Current executable set to '/tmp/a.out' (x86_64).
(lldb) br s -n main -N worker
Breakpoint 1: where = a.out`main, address = 0x0000000100000ec0
(lldb) br del worker
1 breakpoints deleted; 0 breakpoint locations disabled.
(lldb) br li
No breakpoints currently set.
(lldb)

Thanks for all the feedback. I'll report back once I've addressed all your suggestions.

Thanks again...

hintonda updated this revision to Diff 120308.Oct 25 2017, 1:59 PM

Reimplement at a python module.

hintonda retitled this revision from Add new script to launch lldb and set breakpoints for diagnostics all diagnostics seen. to New lldb python module for adding diagnostic breakpoints.Oct 25 2017, 2:08 PM
hintonda edited the summary of this revision. (Show Details)

Looks good. A little bit of cleanup. Let me know what you think of the comments.

utils/clangdiag.py
17

I would rather just do:

import subprocess

Then later use:

subprocess.check_output(...)

It makes the code easier to read.

20

Remove? See inlined comment for line 92

21

I would avoid making this a global. It will keep the target alive since it has a strong reference count to the underlying lldb_private::Target.

52

Get the target from the frame instead of grabbing it from a global:

target = frame.thread.process.target

or without the shortcuts:

target = frame.GetThread().GetProcess().GetTarget()
66

Always grab the target and don't store it in a global. so just remove this line

75–78

Allow "diagtool" to be set from an option maybe? This would require the options to be passed into this function as an argument. If it doesn't get set, then modify the options to contain this default value?
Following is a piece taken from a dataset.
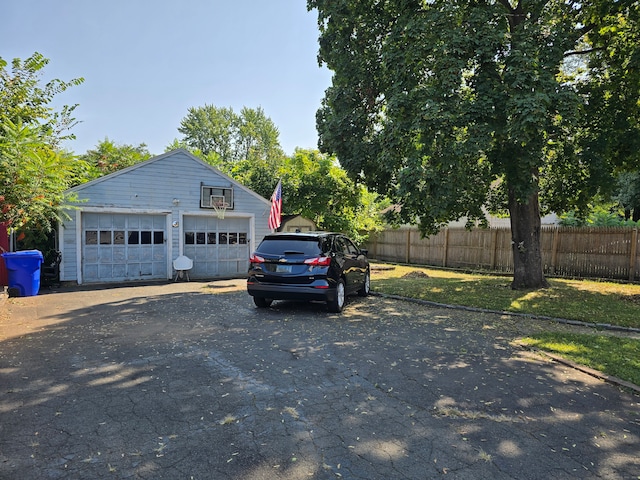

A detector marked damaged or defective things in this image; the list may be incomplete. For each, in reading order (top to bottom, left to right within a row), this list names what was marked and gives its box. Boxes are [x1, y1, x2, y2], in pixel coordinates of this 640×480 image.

cracked pavement [0, 280, 636, 478]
Then this error message can just complain about the actual path:

print('diagtool "%s" doesn't exist' % diagtool)
80

Add name to breakpoint? See inlined comment at line 92

87

remove and use:

target = debugger.GetSelectedTarget()
91–92

Another way to do this would be to give the breakpoints you create using "target.BreakpointCreateXXX" to have a name when you create them:

bp = target.BreakpointCreateByName('DiagnosticsEngine::Report')
bp.AddName("llvm::Diagnostic")

Then here you can iterate over all breakpoints in the target:

for bp in target.breakpoint_iter():
  if bp.MatchesName("llvm::Diagnostic"):
    target.BreakpointDelete(bp.GetID())

Then you don't need a global list?

Thanks for the quick feedback. I'll make all you suggested changes, but need to think a little more about diagtool.

utils/clangdiag.py
75–78

The problem is that diagtool contains a map of DiagID -> DiagEnums, and must be in sync. I wasn't sure how else to enforce the version you were using was built at the same time as the code you're trying to debug.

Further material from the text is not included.